A one-sided feed can steer an LLM agent's decision when the model is uncertain but cannot override a firm default.

A machine-rendered reading of the paper's core claim, the machinery that carries it, and where it could break.

The paper tests whether the composition of information feeds affects LLM agent decisions by holding the model, persona, topic, and final prompt fixed while varying only the posts seen in a ten-turn scrolling phase. It identifies three response regimes across thousands of rollouts on four models: adversarial capitulation where the feed changes the outcome, default saturation where it does not, and an asymmetry in which uncertain decisions flip but firm ones resist. The effect follows a dose-response curve, survives a generator swap, and appears in security-relevant domains. This matters because agents act on ranked streams such as feeds or search results, so evaluations must consider the upstream ranker.

Core claim

Across 2,785 decision rollouts on four modern open instruct LLMs, a one-sided feed tips a decision the model was genuinely uncertain about (in the clearest cases from 5% to 100%; Fisher p as low as 3 x 10^-10) but cannot dislodge one it already favors or holds firmly. The effect follows a dose-response curve, survives a generator swap that rules out a writing-style artifact, generalizes across several decision domains including security-relevant choices, and is partly mitigated by two simple feed-level defenses; a frontier model retains its default.

What carries the argument

The controlled protocol that holds the model, persona, topic, and final decision prompt fixed and varies only the composition and ordering of the posts an agent encounters during a preceding ten-turn scrolling phase.

If this is right

  • The recommender functions as a practical, default-bounded control surface for LLM agents.
  • Agent safety evaluations must audit the feed layer rather than the final prompt alone.
  • Two simple feed-level defenses can partly mitigate the steering effect.
  • The asymmetry and dose-response pattern generalize across decision domains including security choices such as removing deployment gates.

Where Pith is reading between the lines

These are editorial extensions of the paper, not claims the author makes directly.

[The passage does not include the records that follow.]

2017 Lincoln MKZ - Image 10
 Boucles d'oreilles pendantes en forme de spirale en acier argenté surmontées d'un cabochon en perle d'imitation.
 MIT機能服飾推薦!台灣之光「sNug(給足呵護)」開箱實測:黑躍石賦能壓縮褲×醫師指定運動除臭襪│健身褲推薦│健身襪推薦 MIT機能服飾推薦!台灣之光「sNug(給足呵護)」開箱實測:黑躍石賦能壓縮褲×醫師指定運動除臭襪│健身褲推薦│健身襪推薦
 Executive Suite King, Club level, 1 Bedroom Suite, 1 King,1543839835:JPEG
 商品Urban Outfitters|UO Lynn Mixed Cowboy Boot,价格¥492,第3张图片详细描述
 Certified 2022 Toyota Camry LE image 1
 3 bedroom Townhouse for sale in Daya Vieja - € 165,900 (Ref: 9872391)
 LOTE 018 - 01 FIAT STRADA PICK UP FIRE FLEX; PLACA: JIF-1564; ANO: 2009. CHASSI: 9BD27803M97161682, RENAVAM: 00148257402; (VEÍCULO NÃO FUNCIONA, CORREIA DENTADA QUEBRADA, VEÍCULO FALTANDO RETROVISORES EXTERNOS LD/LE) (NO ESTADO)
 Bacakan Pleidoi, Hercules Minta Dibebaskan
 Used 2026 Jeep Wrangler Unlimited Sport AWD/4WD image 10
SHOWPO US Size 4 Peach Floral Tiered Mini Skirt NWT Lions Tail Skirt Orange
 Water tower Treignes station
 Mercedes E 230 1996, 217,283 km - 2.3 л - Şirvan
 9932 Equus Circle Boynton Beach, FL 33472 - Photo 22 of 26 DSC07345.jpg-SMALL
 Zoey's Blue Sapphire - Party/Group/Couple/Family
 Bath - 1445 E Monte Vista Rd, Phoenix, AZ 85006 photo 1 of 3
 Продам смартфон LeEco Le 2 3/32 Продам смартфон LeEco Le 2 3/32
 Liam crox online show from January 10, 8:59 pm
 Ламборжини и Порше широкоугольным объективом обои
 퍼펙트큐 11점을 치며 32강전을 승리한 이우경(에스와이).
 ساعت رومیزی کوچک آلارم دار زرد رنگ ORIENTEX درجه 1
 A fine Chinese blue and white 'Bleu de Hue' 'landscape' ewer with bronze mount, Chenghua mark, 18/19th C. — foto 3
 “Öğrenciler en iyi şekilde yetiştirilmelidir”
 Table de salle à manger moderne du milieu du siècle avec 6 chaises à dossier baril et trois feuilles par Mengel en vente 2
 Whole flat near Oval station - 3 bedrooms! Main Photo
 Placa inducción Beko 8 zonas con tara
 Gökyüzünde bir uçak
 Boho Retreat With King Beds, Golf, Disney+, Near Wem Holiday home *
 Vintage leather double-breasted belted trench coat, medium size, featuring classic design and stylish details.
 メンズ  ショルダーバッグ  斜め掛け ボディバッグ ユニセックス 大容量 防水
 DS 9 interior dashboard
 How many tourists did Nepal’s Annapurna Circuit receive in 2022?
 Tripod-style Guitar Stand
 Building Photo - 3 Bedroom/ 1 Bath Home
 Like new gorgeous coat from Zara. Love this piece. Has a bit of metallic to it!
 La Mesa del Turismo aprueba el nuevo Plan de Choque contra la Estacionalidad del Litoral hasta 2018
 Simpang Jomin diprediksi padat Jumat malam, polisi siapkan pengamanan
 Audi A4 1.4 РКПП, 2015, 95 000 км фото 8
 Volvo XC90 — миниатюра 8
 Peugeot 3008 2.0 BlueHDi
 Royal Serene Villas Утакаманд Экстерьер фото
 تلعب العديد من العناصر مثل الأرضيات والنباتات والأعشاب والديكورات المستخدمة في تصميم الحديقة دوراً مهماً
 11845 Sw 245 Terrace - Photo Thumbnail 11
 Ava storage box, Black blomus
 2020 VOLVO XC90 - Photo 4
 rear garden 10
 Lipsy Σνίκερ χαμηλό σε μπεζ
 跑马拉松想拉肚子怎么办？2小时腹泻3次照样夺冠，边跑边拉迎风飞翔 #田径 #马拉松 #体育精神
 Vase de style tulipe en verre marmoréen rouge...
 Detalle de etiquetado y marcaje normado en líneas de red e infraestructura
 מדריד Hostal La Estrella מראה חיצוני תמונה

  • If the scrolling protocol approximates real deployment conditions, then curation of external streams could systematically bias agent behavior without changing the model or prompt.
  • Quantifying the exact number of adversarial posts needed to tip decisions at different uncertainty levels would allow practical calibration of feed defenses.
  • The finding that a frontier model retains its default suggests the asymmetry may scale with model capability or alignment strength.

Load-bearing premise

The ten-turn scrolling phase with fixed model, persona, topic, and final prompt fully isolates the causal effect of feed composition and ordering without introducing other confounds from real-world interaction dynamics.

What would settle it

A replication in which even genuinely uncertain decisions remain at their default rate when the preceding feed is made one-sided, or in which the observed asymmetry vanishes after the scrolling phase is removed or its length is changed.

Figures

Figures reproduced from arXiv: 2606.00914 by Rana Muhammad Usman.

Figure 1
Figure 1. Figure 1: Adversarial feed injection shifts decisions in 2 of 4 modern LLMs. Bars show [PITH_FULL_IMAGE:figures/full_fig_p006_1.png] view at source ↗
Figure 2
Figure 2. Figure 2: Generator-swap robustness. P(remote-first) on Llama 3.2-3B across four feed conditions, comparing Claude-written posts (blue) vs Gemma-written posts (orange). The attack replicates and strengthens with a different post writer; the heavy-attack arm on Gemma-written posts gives p = 3 × 10−10, effectively ruling out a content-style artifact. 4.4 Anti-direction attack is a no-op Llama 3.2-3B defaults to remote… view at source ↗
Figure 3
Figure 3. Figure 3: Dose-response of adversarial injection on Llama 3.2-3B. Each point is [PITH_FULL_IMAGE:figures/full_fig_p009_3.png] view at source ↗
Figure 4
Figure 4. Figure 4: Attack generalization on the three core tasks run on both models. Each row shows [PITH_FULL_IMAGE:figures/full_fig_p010_4.png] view at source ↗
Figure 5
Figure 5. Figure 5: Defenses on Llama 3.2-3B. Left: Claude-written post pool. Right: Gemma-written post [PITH_FULL_IMAGE:figures/full_fig_p011_5.png] view at source ↗
read the original abstract

LLM agents increasingly act after consuming ranked external information streams such as social feeds, search results, retrieval contexts, and email queues, yet safety evaluations almost always test the model or the user prompt in isolation, never the upstream ranker that decides what the agent reads just before it acts. We introduce a controlled protocol that holds the model, persona, topic, and final decision prompt fixed and varies only the composition and ordering of the posts an agent encounters during a preceding ten-turn "scrolling" phase, isolating the causal effect of feed curation on a downstream decision. Across 2,785 decision rollouts on four modern open instruct LLMs from three independent labs, we identify three response regimes: adversarial capitulation, default saturation, and a default-direction asymmetry in which a one-sided feed tips a decision the model was genuinely uncertain about (in the clearest cases from 5% to 100%; Fisher p as low as 3 x 10^-10) but cannot dislodge one it already favors or holds firmly. The effect follows a dose-response curve, survives a generator swap that rules out a writing-style artifact, generalizes across several decision domains including security-relevant choices such as removing a deployment approval gate or relaxing access controls, and is partly mitigated by two simple feed-level defenses; a frontier model retains its default. We characterize the recommender as a practical, default-bounded control surface for LLM agents, and argue that agent evaluations must audit the feed layer rather than the final prompt alone.

Editorial analysis

A structured set of objections, weighed in public.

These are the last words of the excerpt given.